A weekend of professional obligations began early, so I never did get around to pulling these from the smoker at the recommended time.
- Neoconservative economics descends almost entirely from the so-called "Austrian school," epitomized by Friedrich Hayek's political economy... which, as it turns out, is not the pure economics that Hayek's many neocon disciples proclaim.
- Meanwhile, New York City is vanishing — at least as a place for young artists. Indeed, I suspect that it is vanishing as a place for individualism in the arts at all, based on the continuing encroachment of "production values" achievable only through great flipping wads of ca$h. That said, I'm not sure the story is much better elsewhere.
- It's certainly not any better in traditionally-produced-and-financed-and-distributed film. If anything, the studios don't really care if anyone likes it enough to see it a second time.
- But that's a better attitude than the industrial food combine has. Now, as it happens, I eat an organic diet, leavened only with a little bit of inorganic salt. All food is "organic" — it's one of the true idiocies of marketing to proclaim a truisim as a value judgment. Food that we can actually digest is organic in that it is composed almost entirely of carbon, hydrogen, and oxygen... and almost all of the remainder is water.
- Last, and far from least, I need to vehemently disagree with The Perfesser. This time, he has gone much too far with mislabelling, and I'm afraid it's hurting his position and argument. On his blawg today, he rejects Judge Richard Posner as never having been a conservative, all the while throwing in rather snide remarks about liberals.
Enough.

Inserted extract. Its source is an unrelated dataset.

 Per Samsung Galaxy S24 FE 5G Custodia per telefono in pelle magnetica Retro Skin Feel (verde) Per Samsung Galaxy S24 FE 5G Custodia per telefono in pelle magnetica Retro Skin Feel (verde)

Perhaps Judge Posner does not meet The Perfesser's criterea for "real" conservatism. (I think he does, having practiced before him and seen how his opinions are actually viewed by other judges, but reasonable minds may differ.) But, as I'm not myself a conservative, I'll defer... for the moment. The problem here is not the "false attribution" problem, but a different failure of privilege: Does an outsider have the privilege of labelling others? As a specific counterexample, consider the FauxNoose label of "liberal" being applied to people who, according to those of us who call ourselves "liberals," are not liberals at all. President Obama is a moderate, and not even a consistenly left-of-center moderate. Hilary Clinton is a straight-down-the-middle moderate, with the single exception — perhaps, and due to its economic basis only perhaps — healthcare. More to the point, John Newton — the individual whose opinion led to The Perfesser's screed — is not a liberal, in either the American or European sense of the term. (I'd also disagree that Solis is a "hard-core liberal" — she's much closer to Labour than to any internally coherent variety of liberalism.)
I'm sick to death of this kind of resort throughout the American polity to the tribal magic of the Rule of Names, in which one obtains power over something by attaching a label to it — usually a label that would be relatively neutral but for the special meaning ascribed in this context. I welcome actual engagement with conservative thought; I do not welcome yet more engagement with labels, as in the days of the Evil Empire and Iron Curtain and all of those other rhetorical devices used to make enemies out of those whose opinions are different (sometimes inimically so, far more often not).